Between super woolens, hyperfine cashmeres and even more rarified fabrics, things have been going pretty smoothly in the world of high fashion sport coats. But, as with all things fashion, it’s time for a change and things are going to get coarse—in a good way. Maybe a better description comes in the oxymoronic pronouncement of Tina Turner on her style: “nice and rough.”

A number of reasons warrant welcoming a return to texture. First of all, such redoubtable fabrics as Harris Tweeds, corduroys and herringbone weaves spell warm in the season we’re currently mired in. But more than that, texture spells style as weaves with a three-dimensional characteristic catch the eye better and create interest where the smoothest of textiles do not. This is especially true in the context of a sports coat, which is meant to add contrast, not conformity to any outfit. Your jacket should catch the eye and bring it subtly to your face. (No need to be bottom heavy and have people staring at your legs.)

Textures also tend to play well with a number of other items. They play off fancy slacks because of the innate contrast. But they also go better with blue jeans than smoother woolens (unless your intent is to create a sense of irony, but we think that died with the tuxedo-jacket-paired-with-dungarees gambit of so many years ago). A rough-hewn coat is also at home with a tie (try adding texture there as well), but doesn’t seem lacking without it. With shirts you can also go either way: contrast the fabric with something smooth as silk or rough it up with a Pendleton shirt.

Here we’ve chosen the deepest of weaves—a nubby bouclé textured jacket from George Zaharoff (georgezaharoff.com)—paired with a broad-weave shirt from Harris Reiss Custom Clothiers (646-431-9342) and a cashmere tie and silk handkerchief by Paul Stuart (paulstuart.com).

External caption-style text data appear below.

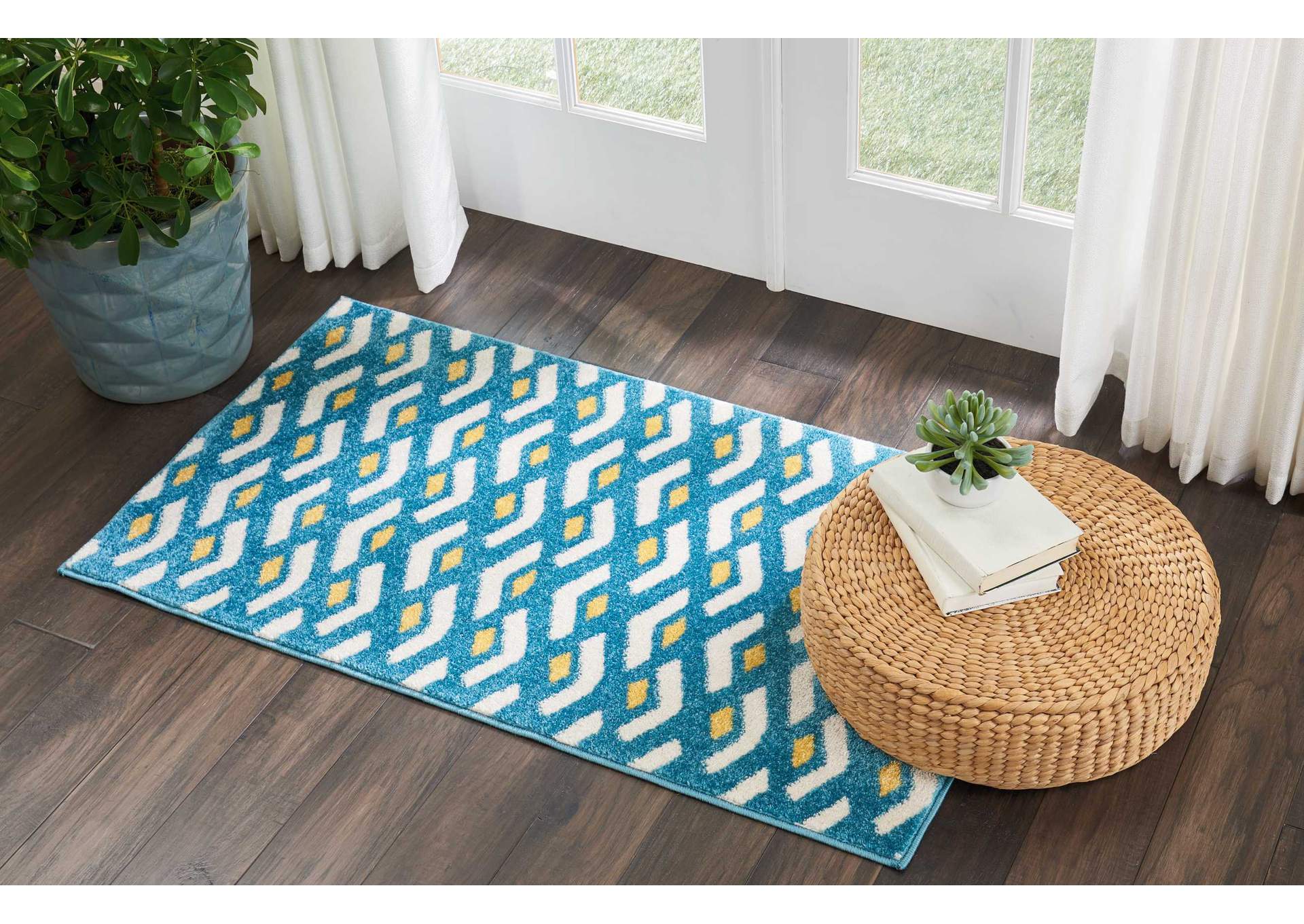 Nourison Harper 2' X 4' Blue Retro Area Rug,Nourison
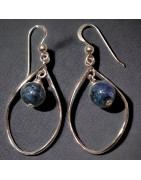 Boucles Apatite Malachite boules Argent 925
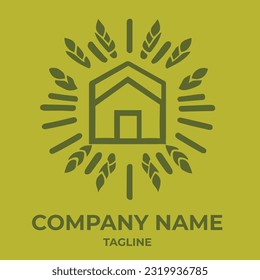 Farm house logo design. Vector illustration of abstract agriculture farm icon design. Modern logo design with line art style.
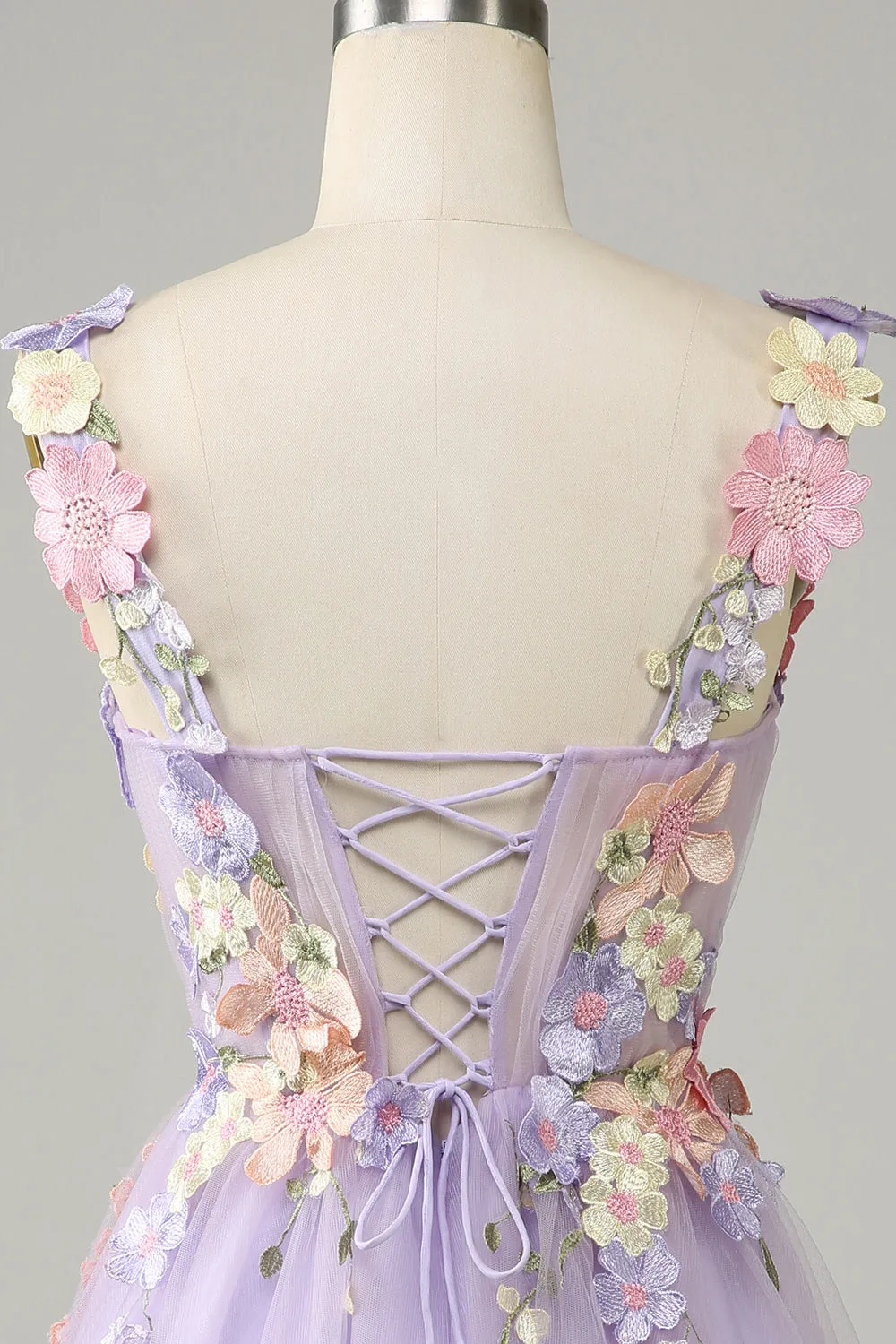 Colorful 3D Floral Sweetheart See Through Liac Homecoming Dress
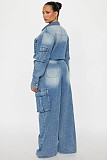 Fashionable Washed Distressed Multi-pocket Wide-leg Workwear Denim Jumpsuit JLX-6073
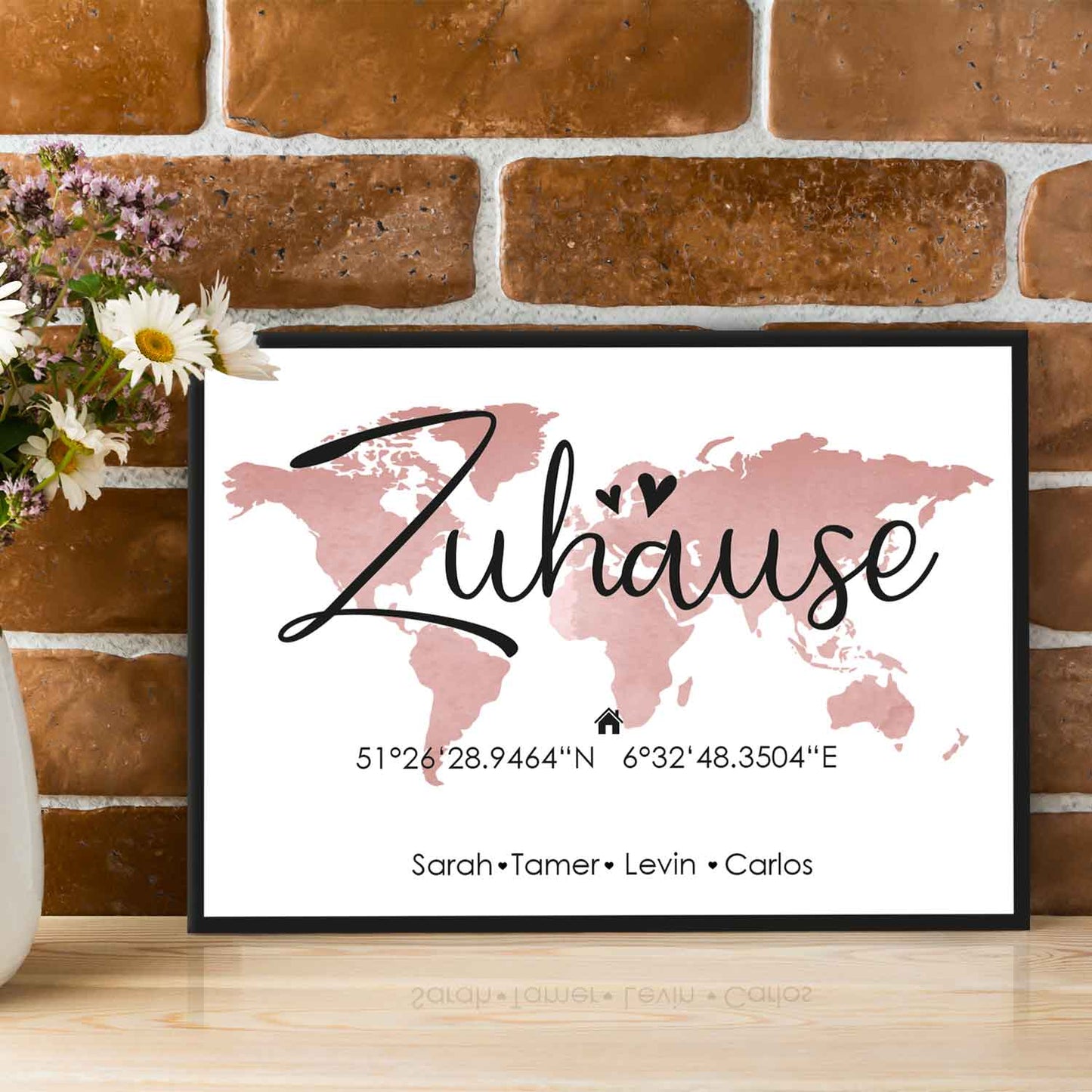 Holzschild Motiv Zuhause mit Namen & Koordinaten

Form and function are further served with sturdier fabrics. While rarified textiles feel nice to the hand, their gossamer qualities don’t hold shape as well, so sturdy shoulders and pleasing drape don’t happen as easily. And then there’s the matter of wearability. You beat up on a tweed jacket and it just lends it character and perhaps an excuse for leather elbow patches. Catch a snag on $15,000 vicuna coat and it will only end in tears and a very expensive trip to the weaver.